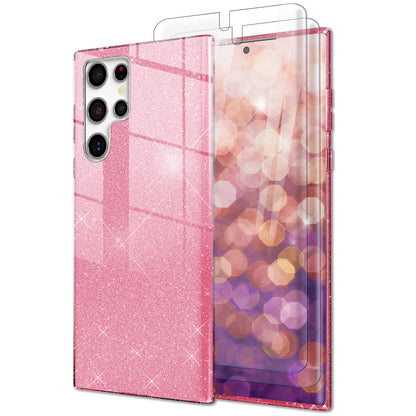 NALIA Glitzerhülle für Samsung Galaxy S23 Ultra – Funkelnder Glitzer-Look & Grip – SHINEPOP (Silikon Case) – Marke aus Berlin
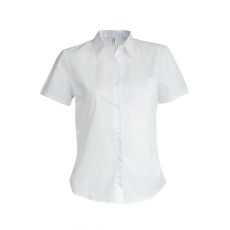 KARIBAN Női blúz Kariban KA544 Ladies' Short-Sleeved Cotton poplin Shirt -L, White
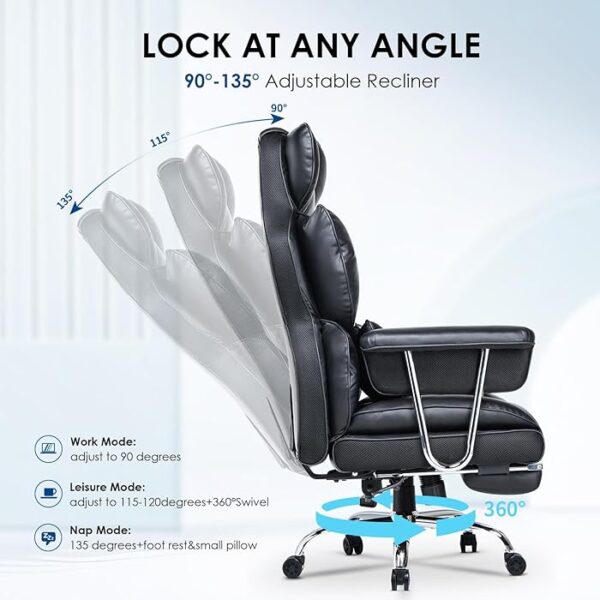 PU Heavy Duty Recliner Executive Office Chair with adjustable reclining, armrests, and durable PU leather upholstery.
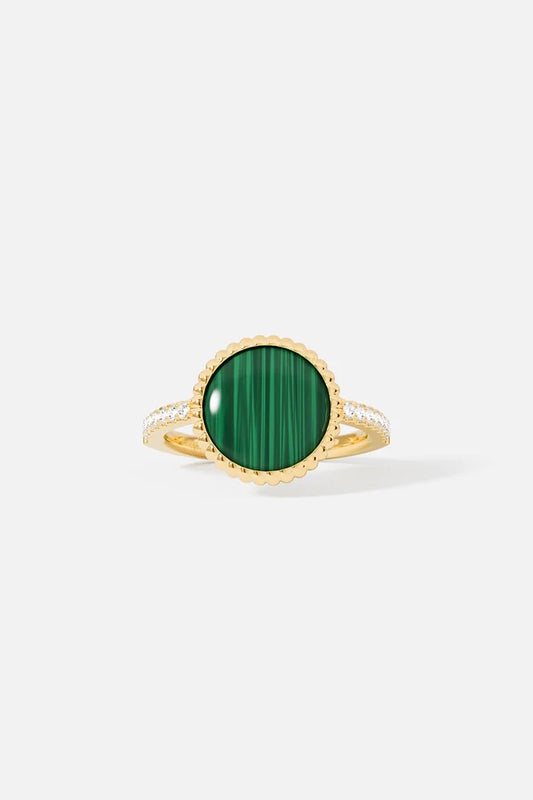 mediterranee - Malachite Météorites Ring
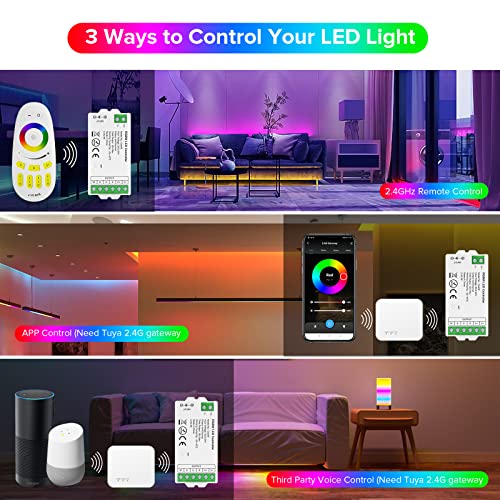 Image of SEZO C04RF 2.4GHz RGBW LED Controller Multiple Color Modes Controlled by RC03RFB RF Remote /Tuya 2.4GHz Gateway for 5050 FCOB RGBW LED Strip DC5-24V Max 12A (Remote /Gateway Not Included)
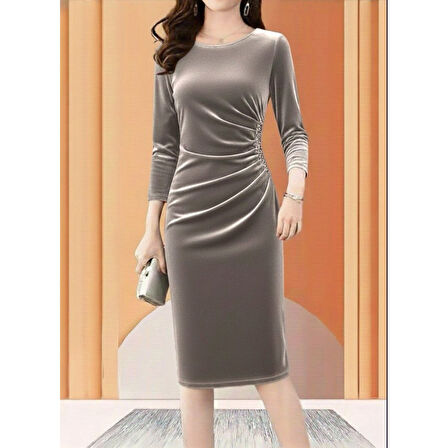 Lucky Life Kadın Uzun Kollu Bot Yaka Yanı Taş Detaylı Midi Kadife Elbise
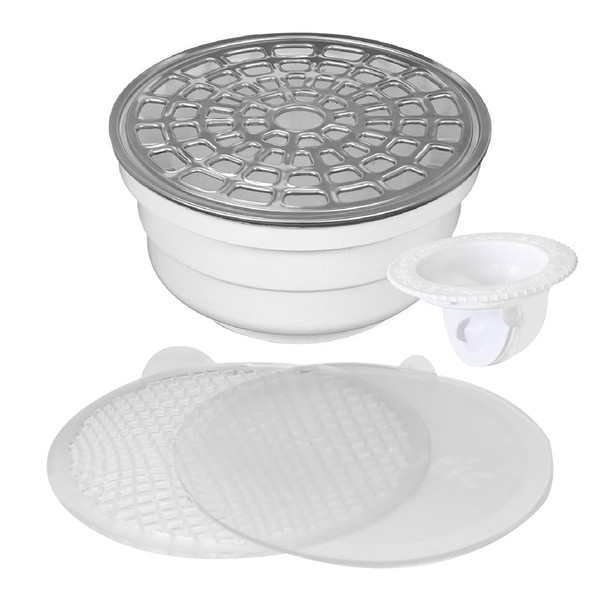 Fleximatic 2550 Universal Zero Odour Colander with Check Anti-Odor, Hygienic Lid, Hair Catcher, Stainless Steel Mesh and Bezel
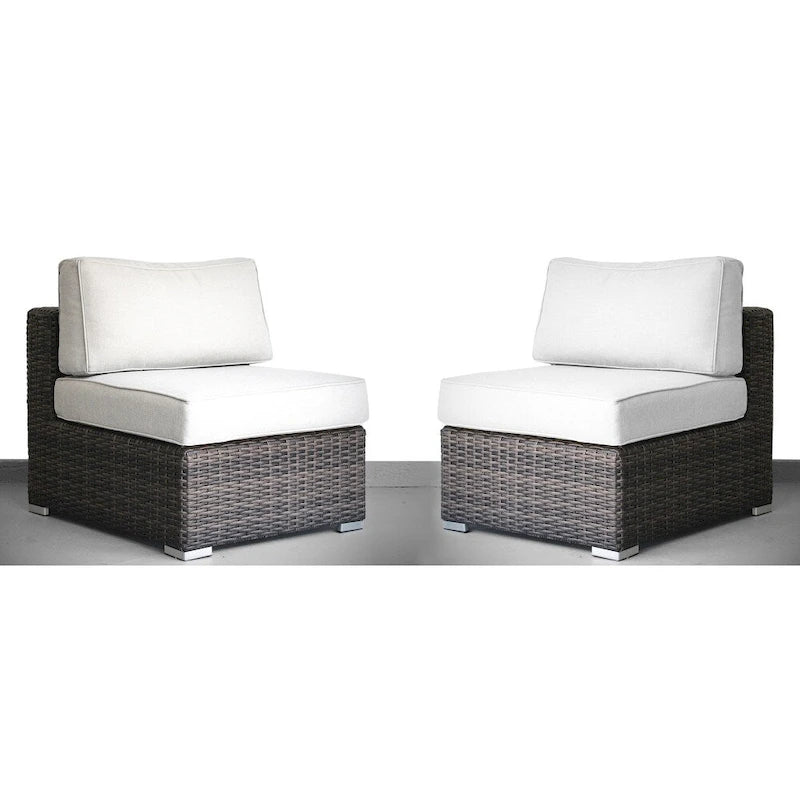 LSI Arelys - Salotto da esterno in vimini e rattan completamente assemblato con 4 posti a sedere e cuscini
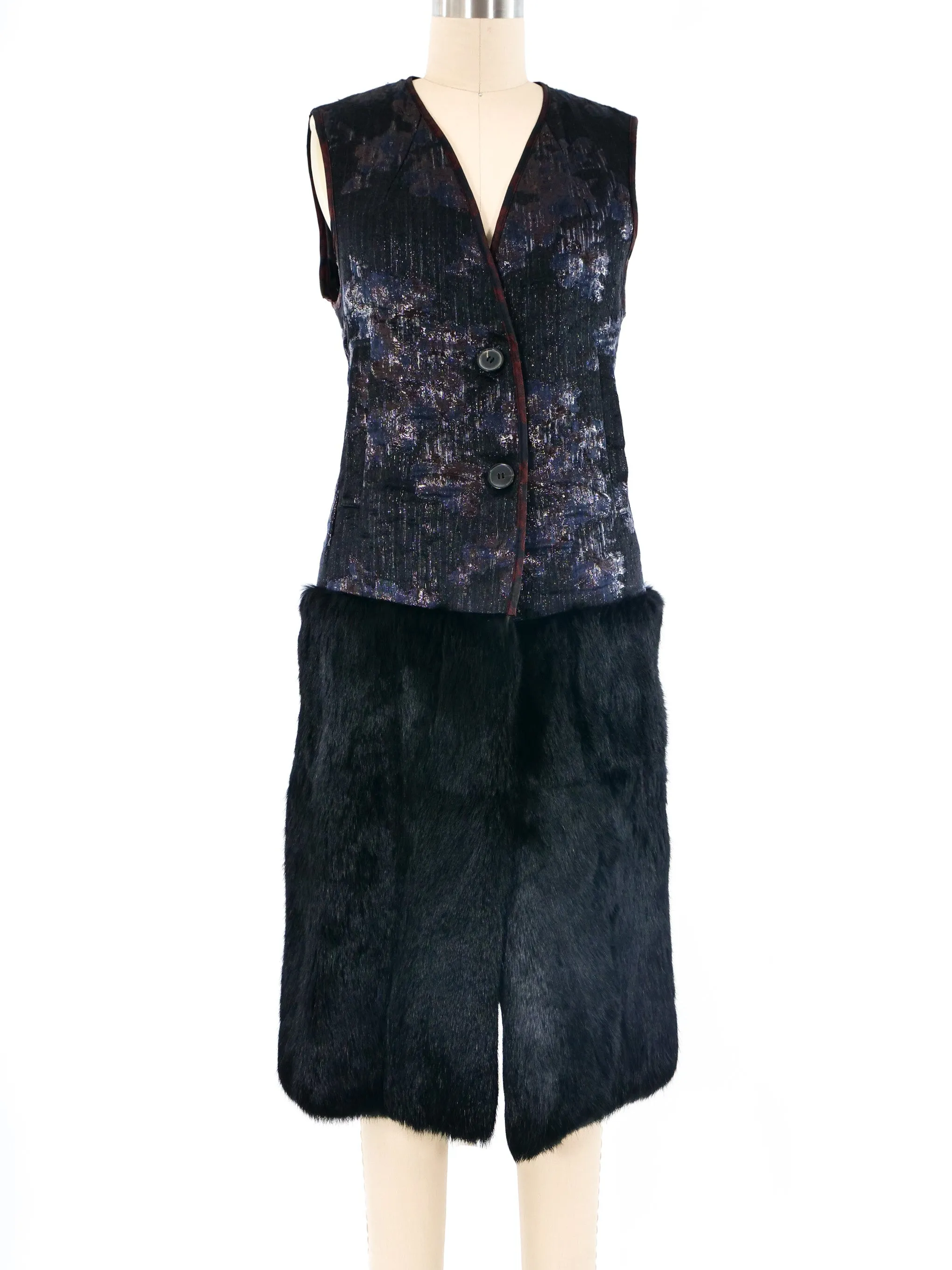 Dries Van Noten Fur Trimmed Brocade Vest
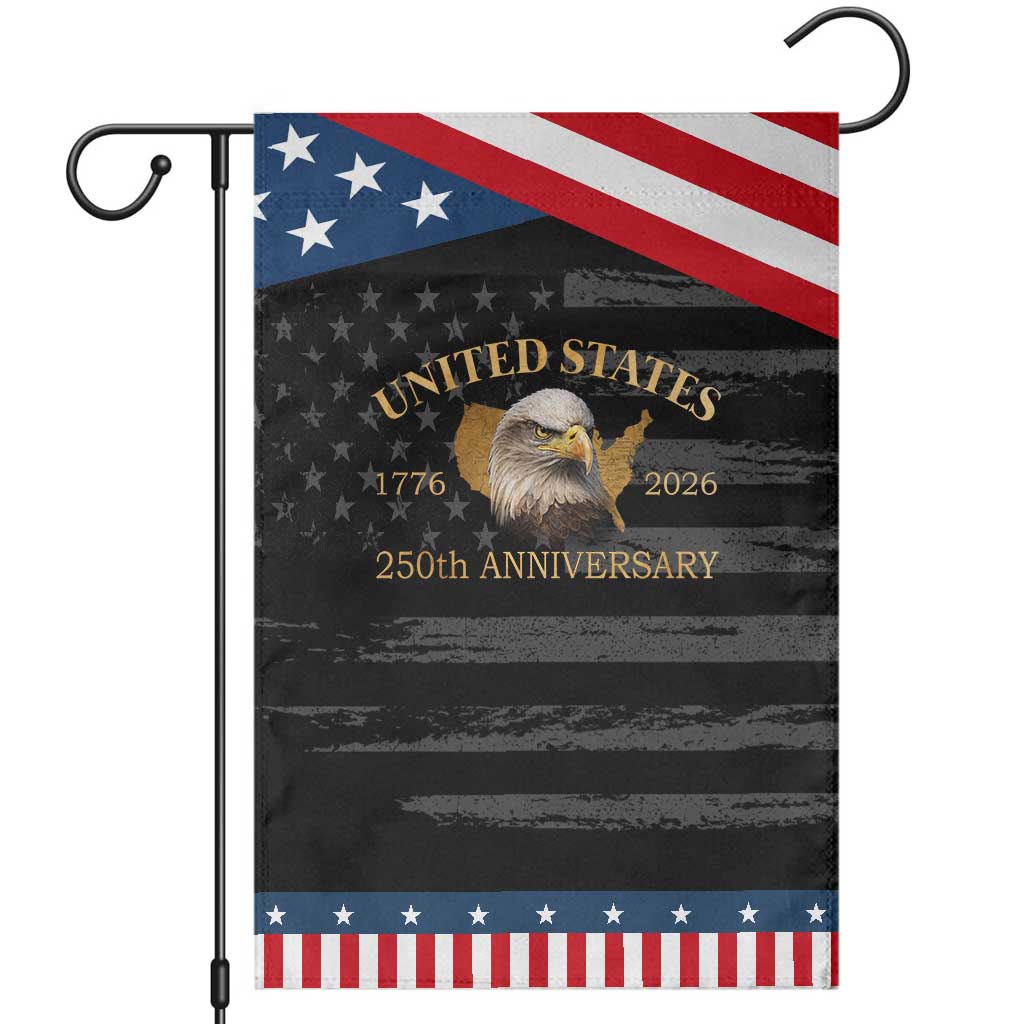 USA 250th Anniversary Patriotic Garden Flag American Map Patriotic 1776-2026 America 250 TS10 Distressed Black Blue Print Your Wear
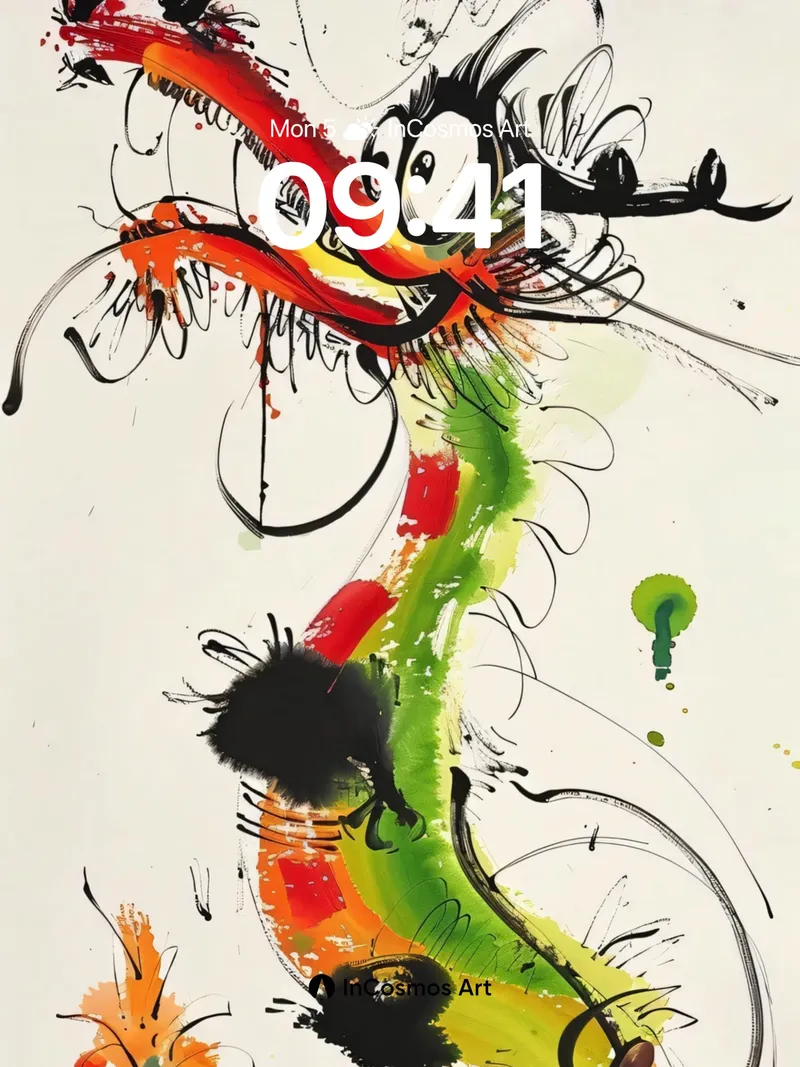 Whimsical Dragon Wallpaper with Splatter Energy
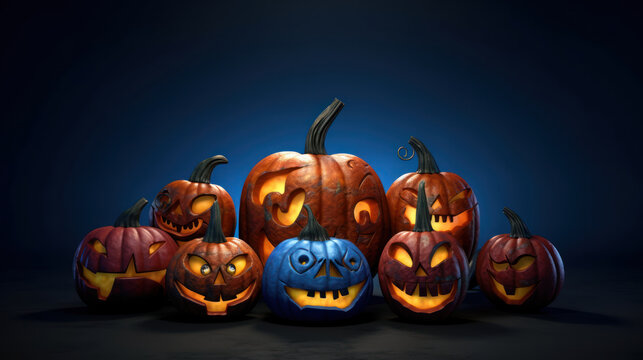 Illustration of a halloween pumpkins in blue colours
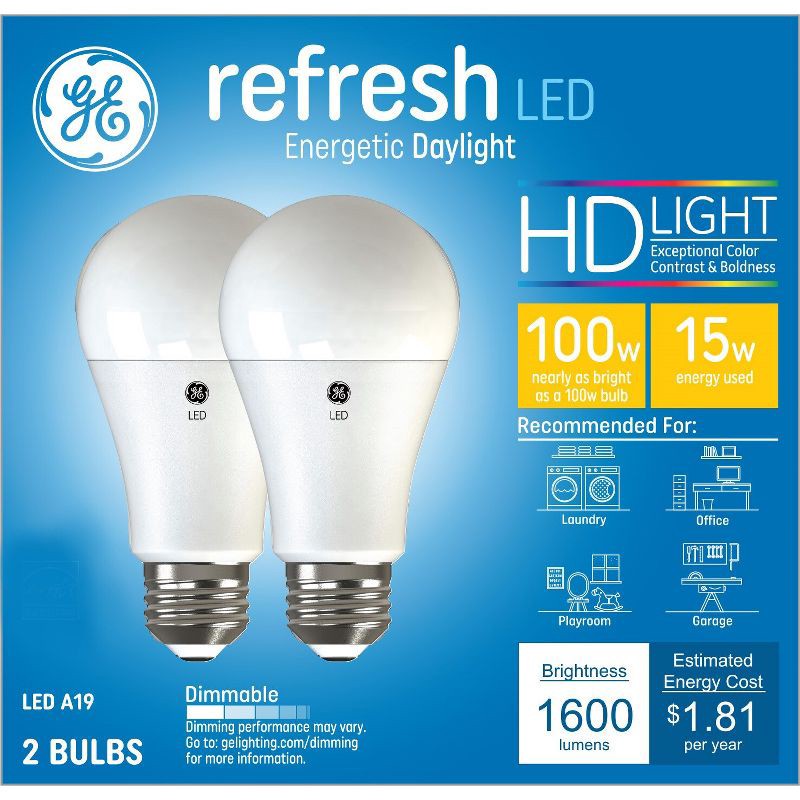 slide 1 of 7, GE Household Lighting GE 2pk 100W Relax A19 LED Light Bulbs Daylight, 2 ct
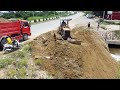 Start Opening Process Filling land next to the Road,Operations with Bulldozer and 5ton Dump Trucks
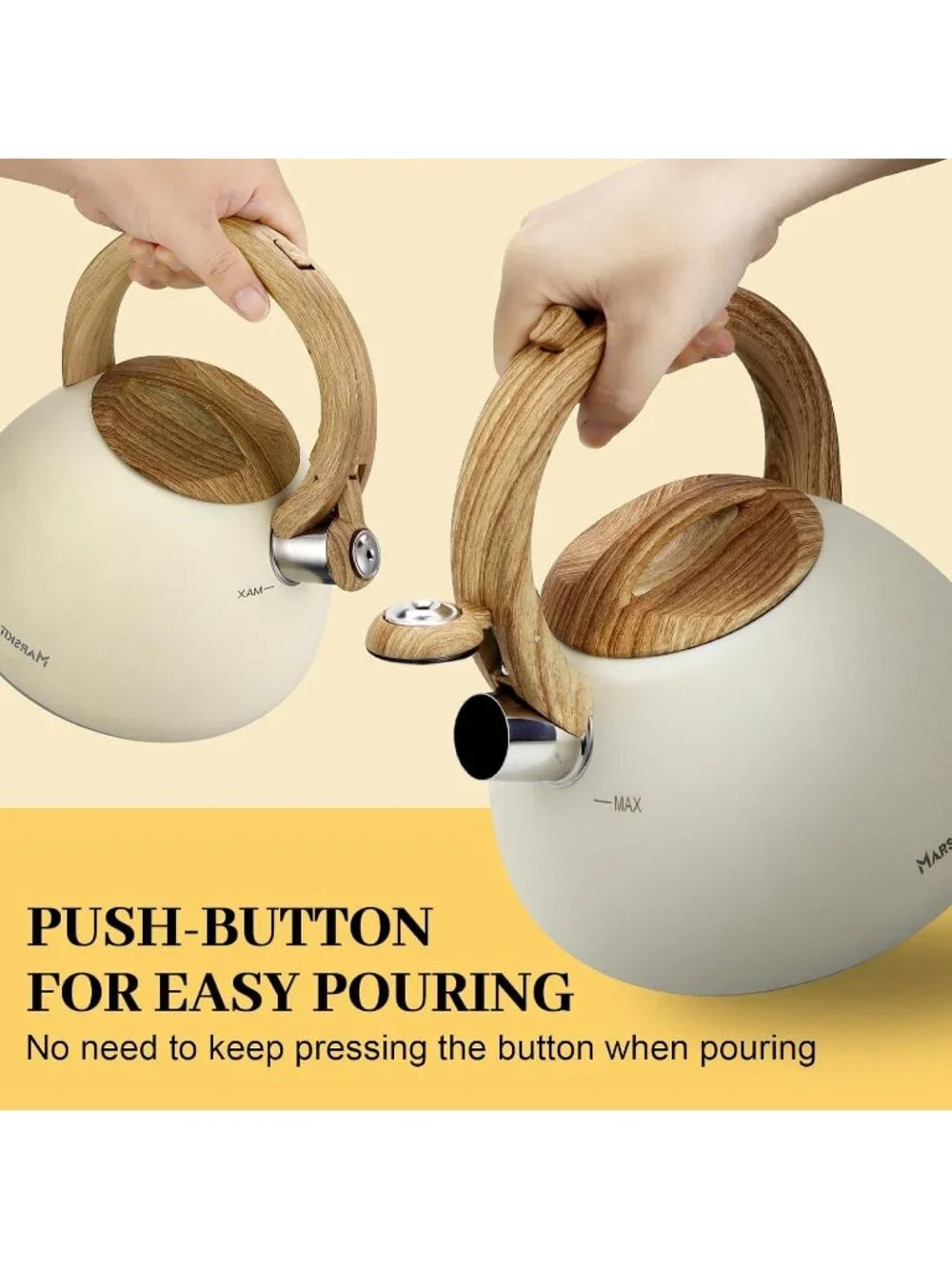 Cream White Stainless Steel Whistling Tea Kettles 2.6QT Stovetop Cookware Pot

###

▶ **WHAT TO PRODUCE**: Every line above in the stretch from the one with "PU Heavy Duty" through the one with "Fleximatic 2550 Universal" is to be transcribed exactly, ends included. No picture is copied.

▶ **ANSWER TO THIS TASK**:
 PU Heavy Duty Recliner Executive Office Chair with adjustable reclining, armrests, and durable PU leather upholstery.
 mediterranee - Malachite Météorites Ring
 Image of SEZO C04RF 2.4GHz RGBW LED Controller Multiple Color Modes Controlled by RC03RFB RF Remote /Tuya 2.4GHz Gateway for 5050 FCOB RGBW LED Strip DC5-24V Max 12A (Remote /Gateway Not Included)
 Lucky Life Kadın Uzun Kollu Bot Yaka Yanı Taş Detaylı Midi Kadife Elbise
 Fleximatic 2550 Universal Zero Odour Colander with Check Anti-Odor, Hygienic Lid, Hair Catcher, Stainless Steel Mesh and Bezel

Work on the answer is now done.